3. Preiswertes Wohnen (Kapitel 4.3)

-          Preisgebundener Wohnraum im Bestand

-          Neubau von geförderten Wohnungen

4. Weiterentwicklung des Bestands (Kapitel 4.4)

-          Quartiersentwicklung

-          Eigentümerstandortgemeinschaften

5. Umsetzung des Handlungskonzeptes Wohnen (Kapitel 4.5)

-          Strategische Steuerung und Umsetzung

-          Wohnungsmarktbeobachtung

-          Etablierung eines „Runden Tisches Wohnen“ (Politik, Verwaltung, Wohnungsmarktakteure).

 

Für die Umsetzung der Maßnahmen sind die Einrichtung einer ämterübergreifenden „Arbeitsgruppe Wohnbauentwicklung“ (Kapitel 4.1.4.5) sowie die Benennung eines Koordinators innerhalb der Verwaltung geplant. Die Arbeitsgruppe soll auf Basis des HKW einen Maßnahmenplan mit entsprechender Zeit- und Ressourcenplanung erstellen, der dann den zuständigen politischen Gremien zur Vorberatung bzw. zum Beschluss vorgelegt wird.

 

Da der Wohnungsmarkt auf Grund von Angebot und Nachfrage, der demografischen, sozialen und wirtschaftlichen Rahmenbedingungen in der Stadt und der Region einer ständigen Entwicklung unterliegt, bedarf es einer kontinuierlichen Beobachtung des Wohnungsmarktes, um entsprechend schnell auf sich einstellende Veränderungen, z.B. Zunahme der Baulandnachfrage oder der Nachfrage nach sozial gefördertem oder altersgerechtem Wohnraum, zu reagieren und gezielte Maßnahmen einzuleiten. Die zielgenaue Abschätzung des Neubau- aber auch Umbaubedarfs sowie die Verteilung des Bedarfs auf die jeweiligen Wohnungsmarktsegmente und Ortsteile sind wesentliche Aufgaben dieser kontinuierlichen Wohnungsmarktbeobachtung.

 

Das Handlungskonzept Wohnen ist das Rahmenkonzept für die nachhaltige Wohnungsmarktentwicklung in Eschweiler. Ergänzt werden soll es durch weitere Bausteine und Maßnahmen, wie z.B.

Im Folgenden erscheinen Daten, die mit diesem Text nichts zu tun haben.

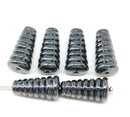 19x10mm Large cone czech glass beads Black luster, 6pc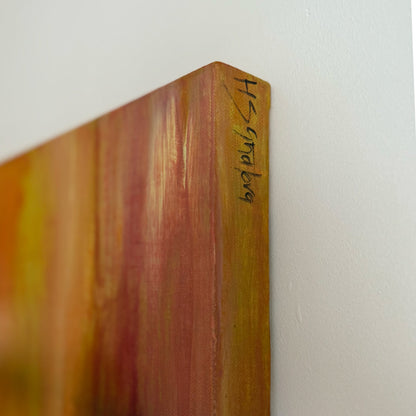 Ember Veil - Abstract Canvas Painting, 30" x 30"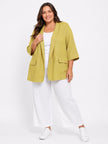 Textured Collarless Blazer - Olive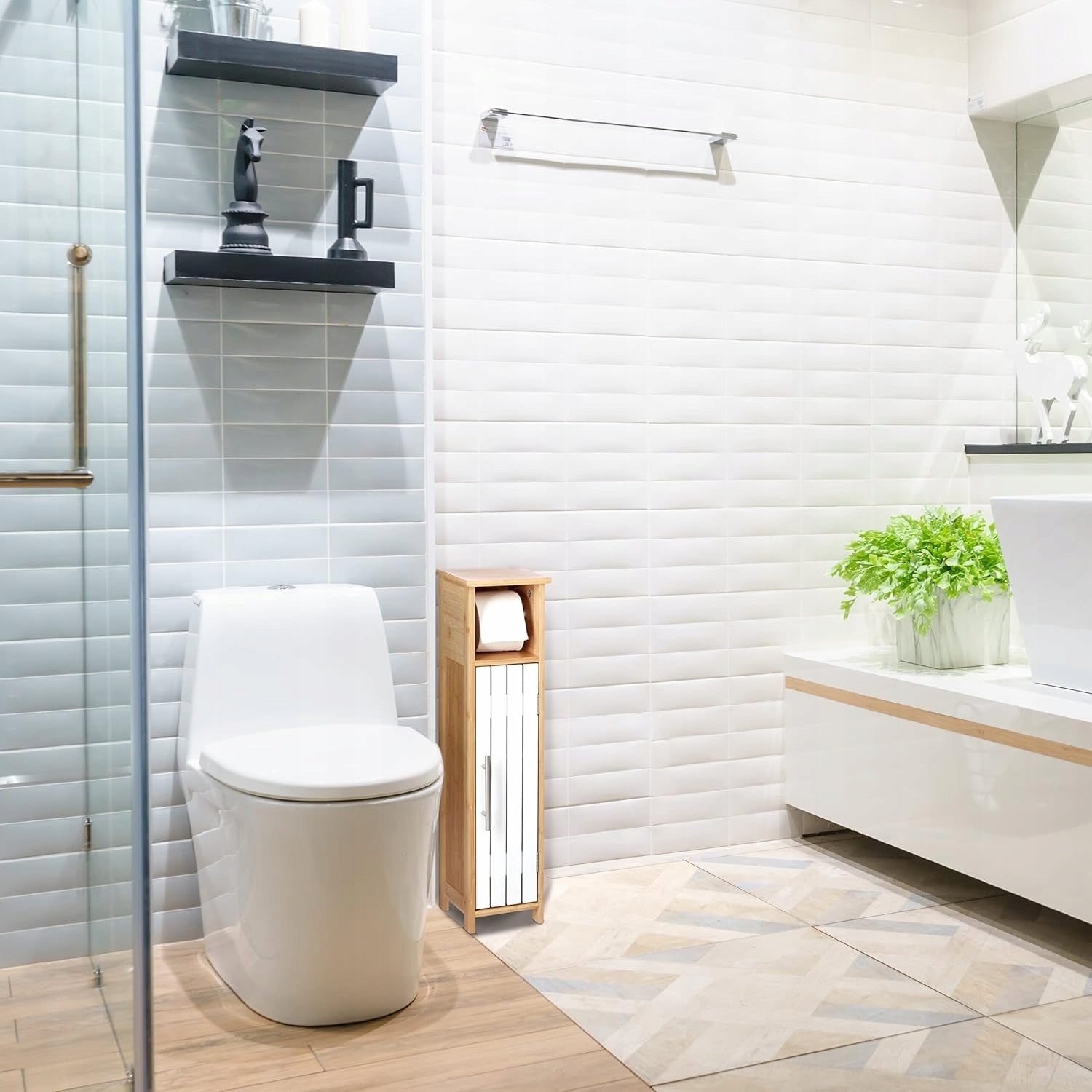 Toilet paper stand cabinet 71x18x20 cm bamboo white modern Manufacturer code stojak papier toaletowy szafka bambus bialy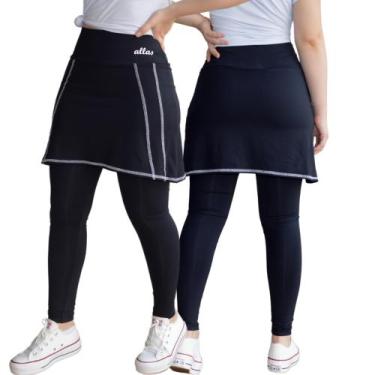 Imagem de Saia Calça Fitness Evangélica Poliamida Uv50+ Cintura Alta Academia Gi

-          Beschluss zur sozial gerechten Bodennutzung in Eschweiler,

-          Beschluss einer Richtlinie über die Vergabe städtischer Einfamilienhausgrundstücke zur Eigentumsbildung und Familienförderung,

-          Beschluss zur Umsetzung eines Baulandprogramms,

-          usw..

Diese und weitere Maßnahmen sollen in einem nächsten Schritt durch die Arbeitsgruppe „Wohnbauentwicklung“ erarbeitet und im Anschluss den zuständigen politischen Gremien zum Beschluss vorgelegt werden.

 

Die Verwaltung empfiehlt, das Handlungskonzept Wohnen als städtebauliches Entwicklungskonzept mit gesamtstädtischer Bedeutung im Sinne des § 1 Abs. 6 Nr. 11 BauGB zu beschließen und die Ergebnisse zukünftig auch bei der Aufstellung der Bauleitpläne zu berücksichtigen.

 

 


Die für die externe Erarbeitung des Handlungskonzeptes Wohnen erforderliche Summe von rund 25.000 Euro wurde im Jahr 2016 im Produkt 053510101 und dort im Sachkonto 52917000 bereitgestellt. Die Umsetzung der Maßnahmen erfolgt im Rahmen der haushaltsrechtlichen Möglichkeiten.

 


Begleitung und Steuerung der Konzeptentwicklung haben Arbeitskapazitäten in den Ämtern 23, 50 und 61 gebunden. Die Umsetzung der beschlossenen Maßnahmen soll zunächst durch bestehendes Personal der Verwaltung abgedeckt werden. Die Einrichtung einer Stelle zur Wohnungsmarktentwicklung ist geplant.